Al garrotín, al garrotán... decía una de esas canciones
castizas que tan bien conoce el pueblo español. El garrotín se me antoja
símbolo español, así como la guillotina me hace recordar “La France”
revolucionaria. Esta es sólo una impresión. Y las impresiones hay que tomarlas
como tales. A partir de ahora contaremos con el palabrín “bluyín” en el
Diccionario que la Real Academia Española prepara en colaboración con las demás
academias hispanoamericanas. Simpático, ¿no? ¿Qué os parece? Bluyín es como un término berciano aunque con
resonancias “anglosajas”, perdón, anglosajonas, sajadas, tajadas, anglas,
english, ingles, inglés... ¿Verdad? Juguemos con el silabario viejo y que éste
se transforme, en una suerte de alquimia posmoderna, en oro linguístico,
lingual, idiomático. Que la lengua, nuestra lengua, hable por nosotros. Y que
cada cual invente lo que le apetezca, que para eso tenemos lengua. Ya se
encargará nuestra Real y Sacrosanta Academia de la Lengua de darle el visto bueno, si ha menester, o por el contrario hacer la vista larga
cuando lo crea conveniente y aun necesario. Siempre de cara a la buena salud de
nuestra lengua. Supongo. Para eso están los académicos de la Lengua. Eres un
bluyín, se le podría soltar a modo de insulto a quien te cae como una pata en
el culo. No obstante, bluyín se me hace insulto suave, blandengue, sin mala
intención. Que nadie se sienta ofendido si de repente te llaman bluyín. No es
más que un pantalón vaquero, tejano, según otros. Dicho, eso sí, con la boquita
pequeña, con ese acento entre melosín, galaico-portugués por ejemplo, y
mejicano fronterizo o gringo viejo. Vaya bluyín que se gasta la “blonda” de al
lado. Está vaquerona, la tía. Y ese "pibe", mira qué bluyín, tú. A ver cuándo le da a la Academia de la Lengua
Española por aceptar términos como “batedera”, “culapadina”, “escullimao”,
“cabionazo”, “barallouzas”, “ruei”, “encelitar”, “arrebateilo”... y otros
muchos, que tampoco es cuestión de empachar a los lectores ni a la academia.
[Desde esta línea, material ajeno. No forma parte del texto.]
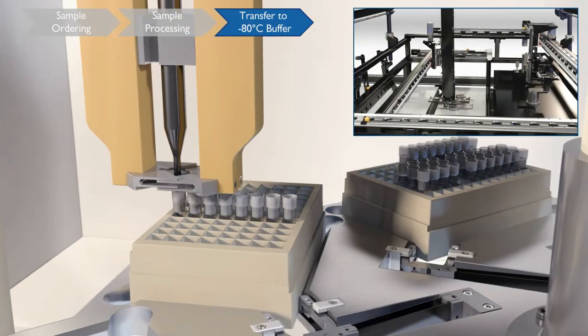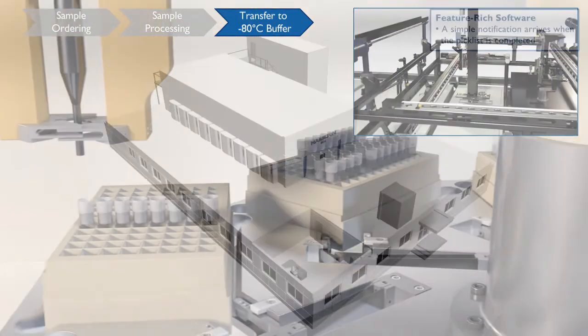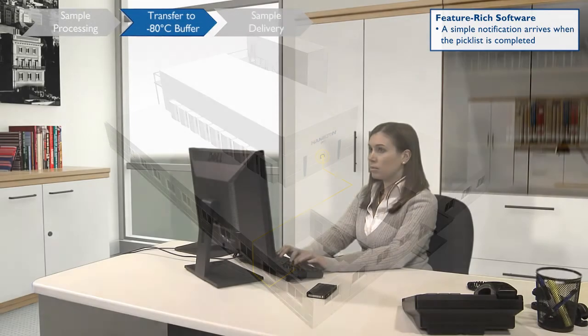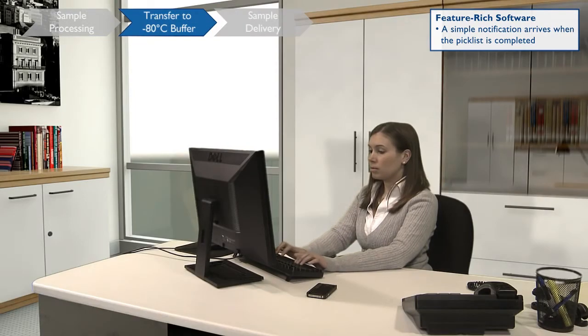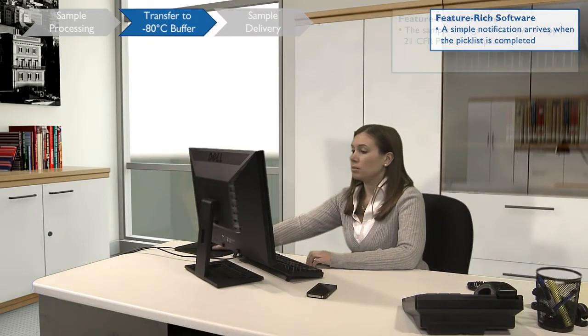Samples are stored in the negative 80 degrees output buffer waiting to be picked up. BIOS will notify you when your samples are ready for pickup.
Esto de andar mudando y re-convirtiendo palabras de una lengua a otra le da a
uno como vértigo. Te sientes como despistado, atontado, fuera de sí, o de ti.
Hay palabras, y sobre todo nombres propios, nombres de ciudades, que jamás
deberían sufrir transformaciones de una lengua a otra. Nunca he entendido por
qué nos enseñan a decir y escribir Londres en vez de London, Burdeos en vez de
Bordeaux, o La Haya en lugar de Den Haag, que así es como se escriben en su
idioma vernáculo... Podemos pronunciarlos a la española, claro está. Pero
deberíamos aprenderlos tal y como son. Esa manía de trastocar los nombres
propios te puede llevar a una gran confusión. Continuaremos.